Now measurements on microarrays may sometimes be systematically biased by diverse effects (such as efficiency of RNA extraction, label incorporation, exposure, scaling, etc.) that can affect the measured gene expression levels. There also may be systematic effects due to characteristics of the array (such as effects of using different probes, spotting effects, region effects, etc.). To compensate for such effects, an essential procedure in the analysis of DNA microarrays called normalization is applied that can minimize the systematic variations in the measured gene expression levels. There are several methods used for normalization (which i won’t discuss, because it is too technical for me). Usually one of these methods is used for normalization and the others are used to validate the result for optimal results.

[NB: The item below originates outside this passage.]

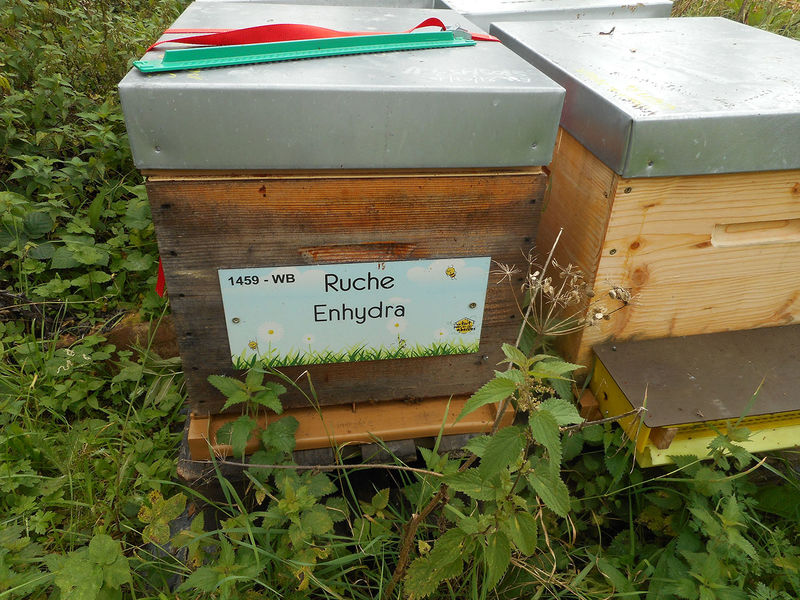 La ruche Enhydra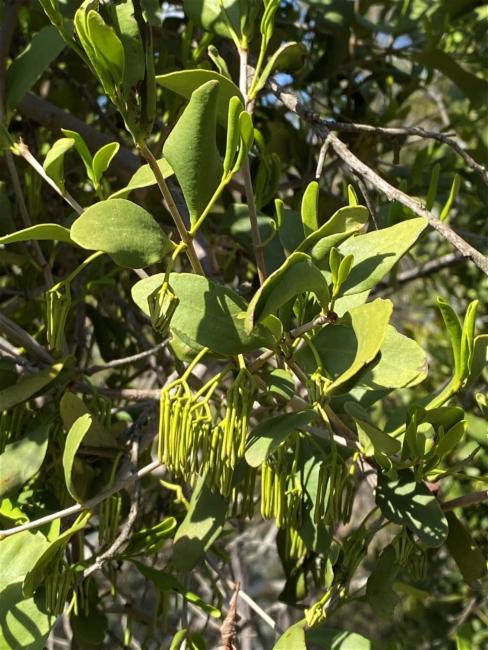 Amyema congener (variable mistletoe) (alternate view 10)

Today, microarray technology are generally used in clinical diagnostic tests for some diseases as well as to determine which drugs might be best prescribed for a particular patient (pharmacogenomics). It is also one of the most recent advances being used for cancer research.
Bio questions: 4/25/19
1. Making human proteins to treat diseases in animal and plant hosts offers several advantages over extracting those proteins from human and animal sources. What are some of those advantages?
2. What is the difference between pluripotent and multipotent stem cells?

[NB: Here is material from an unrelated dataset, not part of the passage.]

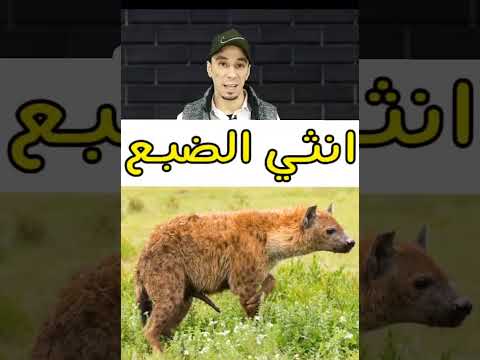 معلومات غريبه وعجيبه عن الضباع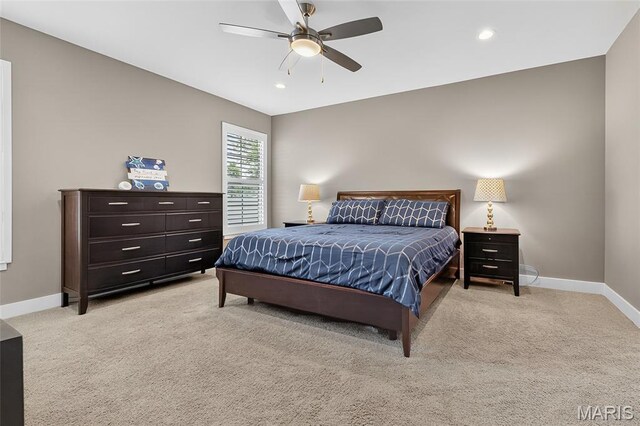 8035 Radcliffe Pl, Troy, IL 62294 - photo 18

3. What are ‘Bt crops’? What potential risks are associated with this technology?
4. STRs are
a) used for DNA profiles
b) repeat sequences present in the human genome
c) highly variable in copy number
d) all of these
e) none of these
Bio questions: 4/26/19
1. Hemophilia and colorblindness are both recessive conditions caused by gene on the X chromosome. To calculate the recombination frequency between the two genes, you draw a large number of pedigrees that include grandfathers with both hemophilia and color blindness, their daughters (who presumably have one chromosome with the normal alleles and one chromosome with two mutant alleles), and the daughter’s sons. Analyzing all the pedigrees together shows that 25 grandsons have both color blindness and hemophilia, 24 have neither of the traits, 1 has colorblindness only, and one has hemophilia only. How many centimorgans (map units) separate the hemophilia locus from the locus for color blindness? Show your analysis or calculation, not just the final number.
2. Which of the following is not and activity carried out in the field of bioinformatics?
a) collecting and storing DNA sequence information produced by various genome sequencing projects
b) analyzing genome sequences to determine the location of genes
c) determining the three-dimensional structure of proteins
d) comparing genomes of different species
e) none of these
3. When the human genome sequence was finally completed, scientists were surprised to discover that the genome contains far fewer genes than expected. How many genes are present in the human genome? Scientists have also found that there are many more different kinds of proteins in the human cells that there are different genes in the genome. How can this be explained?
4. How does proteomics differ from genomics? What kinds of information can proteomics provide that is not available from genomics studies?